Verano 2000 y algo. Una pequeña isla en medio del mediterráneo. Anochece otro día más entre una jornada de paseo y vacaciones de lo que parece una pareja, pero que en realidad tan solo son dos amigos de viaje, juntos.  Dos amigos que duermen en la misma cama, de la misma habitación, muy juntos, muy cariñosos y con muchas ganas de traspasar líneas que se fijaron muchos años atrás sin saber qué fijar. Hacía horas que se abrazaban en esa cama ajena en un barrio raro, en una de esas tardes de calor soporífero y ruidos vecinales de dudosa procedencia. Horas de roces en el brazo, cosquillas y confesiones íntimas, horas de mucho contacto. Y pasó, una boca muy cerca de un cuello, un cuello sensible, unas ganas locas de comérselo entero. Una mordidita en un punto sensible.

 

– No sigas por ahí, que tendremos un problema.

 

A veces los problemas son soluciones. Un mordisco más grande. Lo inevitable para quien juega con fuego. Bocas, saliva, ganas, deseo, desenfreno. Muchas ganas. Muchas, muchas ganas. Besos que intentaban sofocar años de querer y no poder, veces en las que se estuvo a punto, pero no. Caricias, ropa en el suelo y una sola idea en la cabeza: por fin. Por fin se rinden al deseo, por fin se dejan llevar, por fin puedo ser yo.

Días de verano y de paseos, y besos, y metidas de mano en todas partes, y más besos, y más ganas, y más probar, y más de todo, y más nosotros. Días de fotos con sonrisas que esconden manos metiéndose por los rincones. Días que nunca olvidaremos. Días de felicidad absolutamente relativa. Días de amor.
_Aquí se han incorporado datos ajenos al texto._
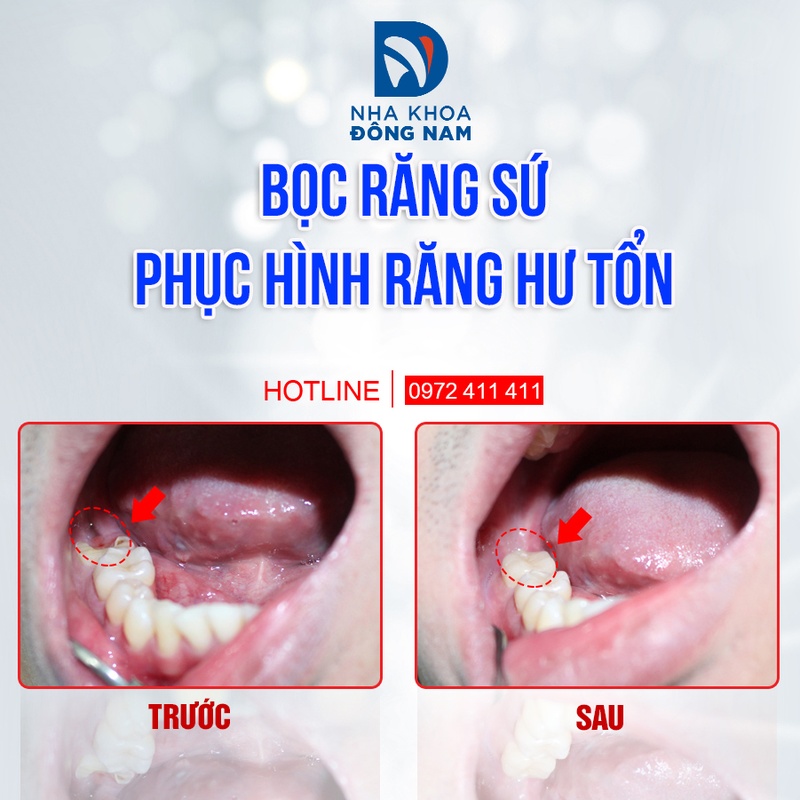 Bọc sứ cho răng hàm
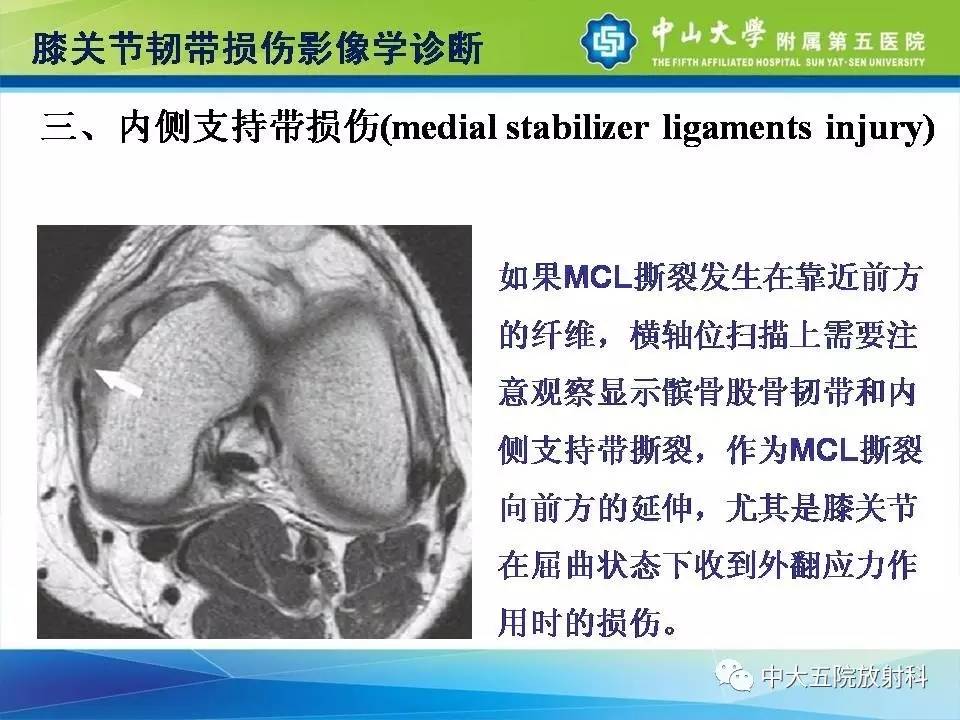 膝关节半月板和韧带损伤的影像学诊断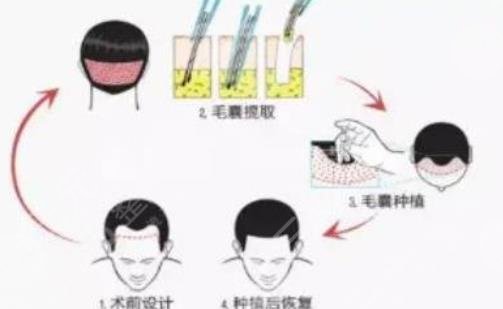 头发种植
Pero días de dudas, de silencios, de no saber. Días de falta de confianza, de mentiras, de verdades a medias, de esconder sentimientos para no asustar o para no herir. Días de fotos en las que dos personas funcionan a medio gas, porque el gas de cada uno es de un color distinto, es de un futuro distinto.  Días en los que la amistad se pone a prueba.

 

Fueron días tan agridulces como la vida misma, como nosotros, como el amor. AMOR con mayúsculas. Amor por la persona con la que duermes y con la que despiertas. Amor por todas sus cosas buenas y más amor por todos sus defectos, sus manías, sus rarezas. Amor por cada una de las veces que quieres matarle por un comentario absurdo, amor por todos esos momentos en los que nuestras opiniones eran diametralmente opuestas. Amor por no tener claro qué hacía allí con él, pero era el único sitio donde quería estar. Amor del que tarda tanto en irse que cuando ya no está te cuesta volver a saber quién eras. Amor del que cuando te besa, lo sabes. Lo tienes claro, estás jodida.

 

“Lo malo del después son los despojos”.

 

Hace años de ese verano, de ese viaje, de esa isla, de ese beso de aeropuerto que recordaré siempre como el mejor y el peor beso de mi vida. El mejor, porque mi romántica empedernida sabe que merecería una película solo para él, pero el peor, porque fue el último. Hace años que sé lo que se puede llegar a sentir y no quiero menos. Hace años de ese verano cuando él, de entre todas las personas que podrían, me enseñó cómo de bonito y devastador puede ser enamorarse de tu mejor amigo. Hace años de un verano en el que dejé de controlar mis sentimientos y empecé a sentir. Mucho y muy fuerte. Y aunque ahora no tengamos remedio, siempre recordaré ese verano, esa isla, y a nosotros, como el mejor verano de mi vida.